POLICÍA DETENIDO POR PRESUNTOS ABUSOS EXHIBE EL
SILENCIO DEL ALCALDE DE TEXCOCO
*Comerciantes aseguran que el uniformado los despojaba de
dinero y mercancía; exigen una depuración total de la corporación y respuestas
de Nazario Gutiérrez
Por EXPEDIENTE SECRETO
La noche de ayer miércoles, comerciantes de la zona turística
de El Molino de las Flores, cansados —según denunciaron— de los constantes
abusos del uniformado, decidieron retenerlo y entregarlo a elementos de la
Secretaría de Seguridad del Estado de México.

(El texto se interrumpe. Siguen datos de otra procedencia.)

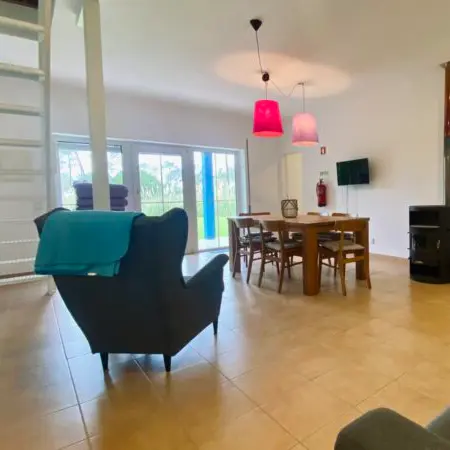 Wohnzimmer Ansicht zur Terasse hin. 
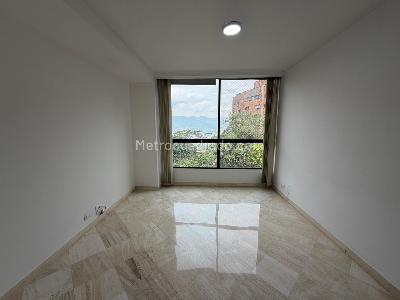 Apartamento de 3 alcobas en venta en Los Balsos, Medellín, 170 m² · foto 17 de 20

El policía conducía la patrulla TEX-C-165 y, mientras era asegurado
por los agentes estatales, los comerciantes lanzaban una frase que refleja la
profunda desconfianza ciudadana hacia las instituciones: "¡Va a salir, va
a salir!", convencidos de que, como en otros casos, la impunidad terminará
imponiéndose.
Aunque los policías estatales intentaban tranquilizar a los
presentes asegurando que el procedimiento seguiría su curso, la respuesta de la
población fue de incredulidad. Para muchos habitantes, el problema no es
únicamente un policía, sino un sistema que durante años ha permitido que malos
elementos permanezcan en las corporaciones sin consecuencias.
El caso abre interrogantes que el gobierno municipal no ha
respondido: ¿cómo ingresó este elemento a la Policía Municipal?, ¿qué controles
de confianza aprobó?, ¿qué formación recibió?, ¿existían denuncias previas en
su contra?, ¿cuántos ciudadanos fueron víctimas de presuntos abusos antes de
que los comerciantes decidieran detenerlo por su propia cuenta?
La falta de una postura pública del alcalde Nazario Gutiérrez
Martínez ha sido interpretada por diversos sectores como un intento de
minimizar un hecho que pone en entredicho los procesos de selección,
supervisión y control de la policía municipal.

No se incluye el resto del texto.